Les émotions négatives (irritabilité, colère et dégoût) semblent également être causées à la fois par des fluctuations quotidiennes de la faim et par des niveaux continus de faim.
"Notre étude est la première à examiner la faim en dehors d’un laboratoire", a déclaré Swami. "En suivant les gens dans leur vie quotidienne, nous avons découvert que la faim était liée aux niveaux de colère, d’irritabilité et de plaisir."
Il y a plusieurs explications possibles à ce phénomène.
Un faible taux de sucre dans le sang peut avoir un effet direct sur la fonction cérébrale, a déclaré Jennifer Cholewka, qui a examiné les résultats. Elle est coordinatrice de nutrition cliniquement avancée à l’hôpital Mount Sinai de New York.
"Lorsque notre glycémie commence à baisser, notre cerveau commence à mal fonctionner et nous sommes confus, nous sommes irrités", a déclaré Cholewka. "Mais je ne sais pas si une faim aiguë peut provoquer une hypoglycémie, ce qui entraînerait une situation de type brouillard cérébral."
Une autre théorie soutient que lorsque les gens ont faim, ils sont plus susceptibles d’interpréter les signaux du monde qui les entoure de manière négative, a déclaré Swami.
"À titre d’exemple très simple, si j’ai faim en ce moment, je suis beaucoup plus susceptible d’interpréter les autres personnes en ma présence, la chaleur ou tout type de stimulus dans l’environnement comme un stimulus négatif ", a-t-il déclaré. "Et cela me met en colère."
Il est important de comprendre la « faim » comme un véritable état émotionnel afin que les gens puissent mieux y faire face, a noté Swami. "Une fois que vous êtes capable de comprendre votre état émotionnel, une fois que vous comprenez que vous avez faim , il y a des choses que vous pouvez faire pour y remédier", a déclaré Swami. "Une fois que je peux étiqueter l’émotion que je ressens, il me devient plus facile de la résoudre."

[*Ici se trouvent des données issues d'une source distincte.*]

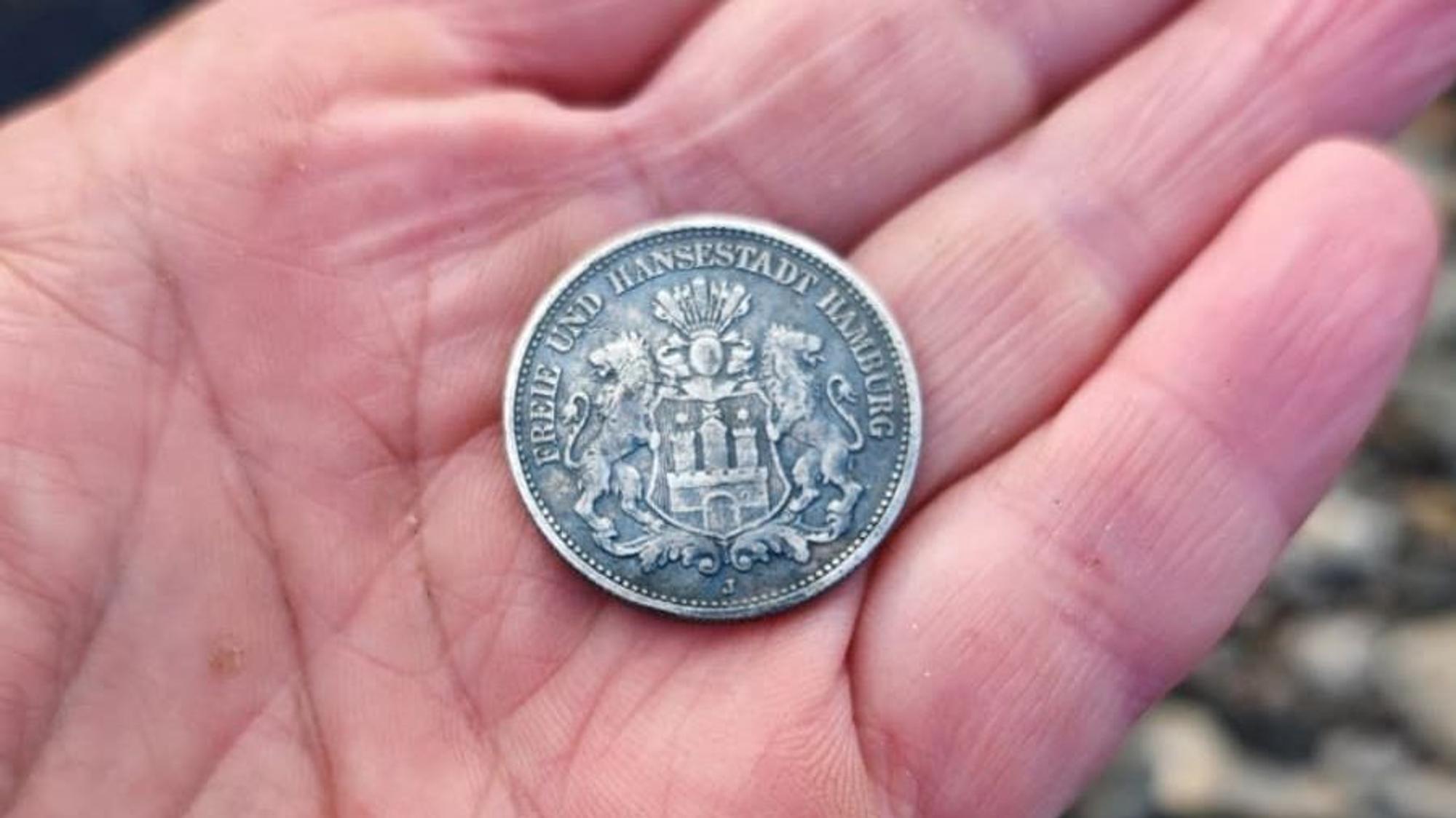 Diese historische Silbermünze hat Carsten Konze im trockenen Rhein gefunden.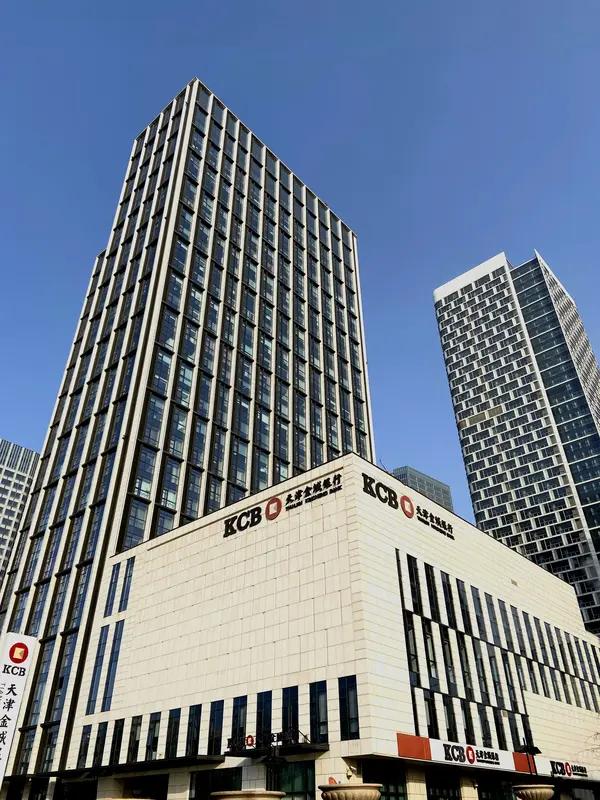 汇金城超市挺有看点的。在长沙雨花区汇金城二期西北门有个临街的水果店转让，面积30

Cela pourrait également contribuer à expliquer pourquoi les enfants affamés ont de moins bons résultats à l’école et pourquoi certains employés peuvent être moins productifs s’ils n’ont pas mangé, a-t-il déclaré. Mais Cholewka a déclaré qu’il pensait que davantage de recherches devaient être menées pour consolider le statut de Hangry en tant que véritable état émotionnel.
Les futures études devraient mesurer la glycémie et les hormones liées à la faim, telles que la ghréline et la leptine , afin d’établir avec certitude que les gens ont réellement faim sur le plan biologique, a déclaré Cholewka. Cela permettra d’établir une corrélation plus forte entre la faim et ses effets sur les émotions.
"J’ai l’impression qu’ils ont fait un travail très approfondi en termes de recherche de corrélations entre nos émotions et la faim, mais des recherches supplémentaires doivent être menées", a déclaré Cholewka.